If you really want to lose weight, you’ll exercise more and eat less. If you want to mature in faith, you’ll stop consuming so much TV or Internet or whatever else takes up so much time, and start consuming more of God’s Word and those other things that happen in your Father’s house.
God has “made known to us in all wisdom and insight the mystery of his will.”[4] I want to know all about that and to grow into the sonship he has destined for me, and I want to do it with you. So, I want you to know that this is what I will spend myself in accomplishing among you. I will teach you God’s Word, administer the Sacraments often, and shepherd you so that you too may grow into your relationship with Jesus. That’s what you can expect from me in 2021, whether I finally lose a single pound this year, get any richer any quicker than I ever have, or even if some other plague comes along. I will preach and teach the Scripture, duly baptize, serve you Christ’s holy meal, and take care of you.
And I will expect from you that you will want to learn and grow, that you will want your children baptized and raised in the Christian faith, and that—and I can’t stress this one enough—you will let me know when you need my help, especially when you go into the hospital. Please don’t expect me to be a mind reader. It’s okay to let me know when you’re sick or having surgery; it’s not okay to complain that I didn’t care enough to visit when you never let me know. Don’t expect someone else will tell me. They will often respect your privacy or assume someone else told me. In fact, they will expect that you told me. So, tell me!

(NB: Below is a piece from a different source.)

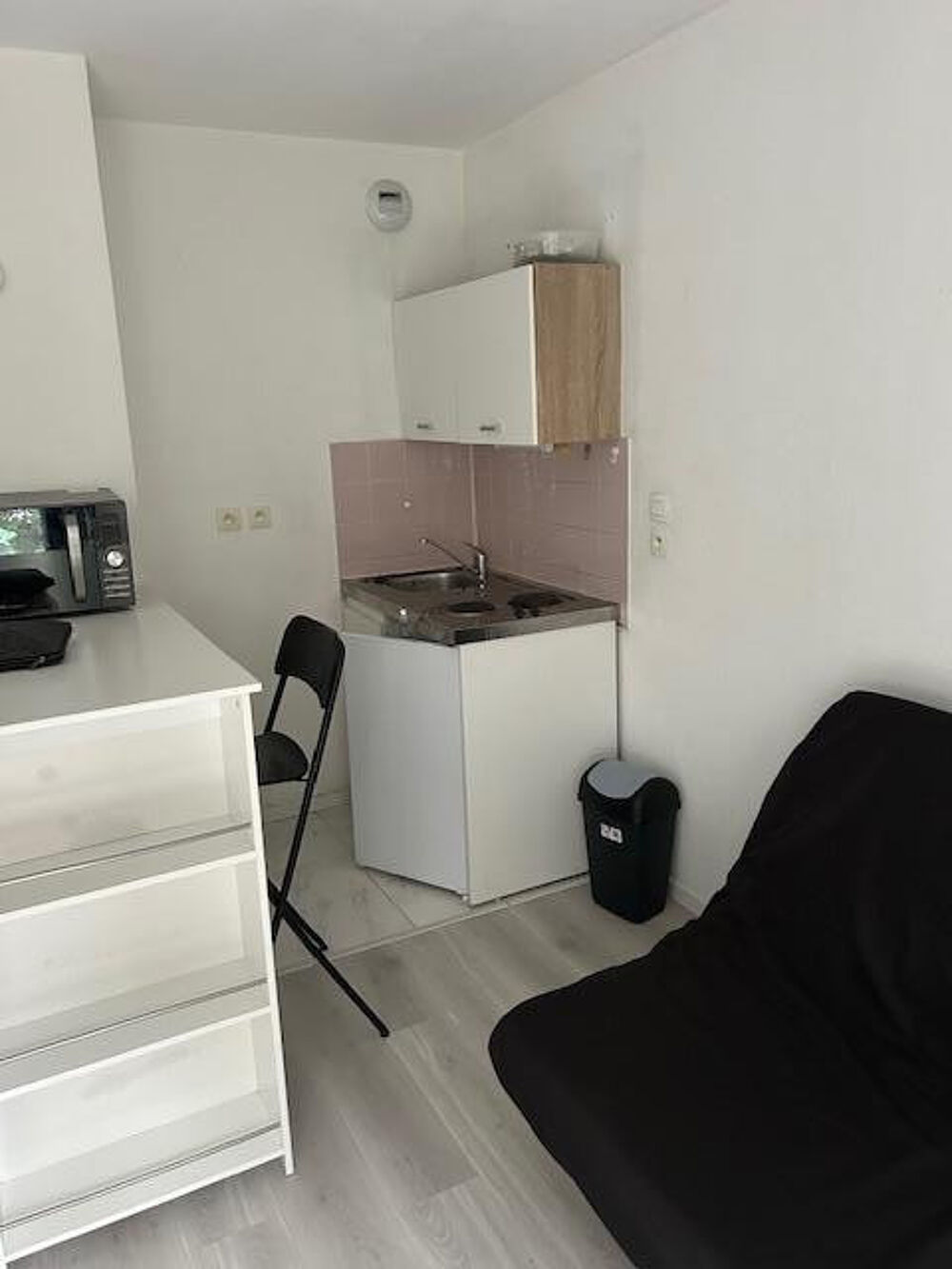 Location Appartement A louer dans résidence étudiant  près universités Mulhouse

Let me assure you that I enjoy visiting, especially those who can’t get to their Father’s house any more. I like to bring God to them, offering them his Word and the Sacrament of Holy Communion in the home or nursing home or hospital. There is no difference between doing so in those places or here at 205 St. Paul’s Church Road. For wherever the Word of God is taught, preached, and obeyed, and where the Sacraments are rightly administered, the Father’s house exists.
That’s what I expect St. Paul’s to be this year: my Father’s house. Susan and I are excited to be among you, are moving our membership to St. Paul’s, and want to be fully involved with you in the life of this congregation. But that involvement begins and ends with the Word. Count on it. Expect lots of it. It’s the stuff Christians are made of, and because of that Word that does everything in the church, I think we can expect more out of 2021 than getting back to “normal”—that this year will be better, and the next year better still.
I expect this because “God is at work in you, both to will and to work for his good pleasure.”[5] He will do more than you expect, just like he did for Solomon in our first lesson. Start with the right expectation, like Solomon did, and God will supply the rest.
May it be so even among us. Amen
[1] The Holy Bible: English Standard Version (Wheaton, IL: Crossway Bibles, 2016), Eph 1:3.
[2] The Revised Standard Version (Oak Harbor, WA: Logos Research Systems, Inc., 1971), Lk 2:52.
[3] Galatians 3:26
[4] The Revised Standard Version (Oak Harbor, WA: Logos Research Systems, Inc., 1971), Eph 1:9.
[5] The Revised Standard Version (Oak Harbor, WA: Logos Research Systems, Inc., 1971), Php 2:13.